Exploiting Poisson additivity to predict fire frequency from maps of fire weather and land cover in boreal forests of Québec, Canada. 2016. Marchal, J.; Cumming, S.G.; McIntire, E.J.B. Ecography 39: 001–010.

Year: 2016

Issued by: Pacific Forestry Centre

Catalog ID: 37633

Language: English

Availability: PDF (request by e-mail)

Available from the Journal's Web site.
DOI: 10.1111/ecog.01849

† This site may require a fee

Mark record

Abstract

Predictive models of fire frequency conditional on weather and land cover are essential to assess how future cover-type distributions and weather conditions may influence fire regimes. We modelled the effects of bottom-up variables (e.g. land cover) and top-down variables (e.g. fire weather) simultaneously with data aggregated or interpolated to spatial and temporal units of 100 km2 and 1 yr in the boreal forest of Québec, Canada. For models of human-caused fires, we used road density as a surrogate for human access and behaviour. We exploited the additive property of Poisson distributions to estimate cover-type specific fire count rates, which would normally not be possible with data of this spatial resolution.
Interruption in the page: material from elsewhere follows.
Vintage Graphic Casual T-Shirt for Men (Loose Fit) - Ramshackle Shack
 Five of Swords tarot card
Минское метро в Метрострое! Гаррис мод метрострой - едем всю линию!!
We used piecewise linear functions to model nonlinear relations between fire weather and fire frequency for each cover-type simultaneously. The estimated conditional rates may be considered as expected mean counts per unit area and time. It follows that these rates can be rescaled to arbitrary spatial and temporal extents. Our results showed fire frequency increased nonlinearly as aridity increased and more quickly in disturbed areas than other types. Road density exerted the strongest influence on the frequency of human-caused fires, which were positively correlated with road density. The estimates may be used to parameterize the fire ignition component of spatial simulation models, which often have a resolution different from that at which the data were collected. This is an essential step in incorporating biotic and abiotic feedbacks, land-cover dynamics, and climate projections into ecological forecasting. The insight into the power of Poisson additivity to reveal high-resolution ecological processes from low-resolution data could have applications in other areas of ecology.

Plain Language Summary

Predicting fire frequency into the future is challenging. At the least, the predictions must be sensitive to predictions of future weather and future vegetation. To date, we don’t have good examples of predicting fire frequencies (i.e., how many fires will there be in a given year) that are sensitive to both. Here, we estimate vegetation and weather effects on fires simultaneously for central Quebec boreal forests. For the predictions for human caused fires, we also added road density as a surrogate for human access and behaviour. We show that fire frequency increased as it gets drier, and how it increases. We also showed that disturbed areas are more sensitive to drier conditions. Road density was the most important effect of human caused fires. All of these results will be used in fire prediction models to come soon. This is an essential step in dealing with feedbacks between vegetation, climate and fire in our forecasting models.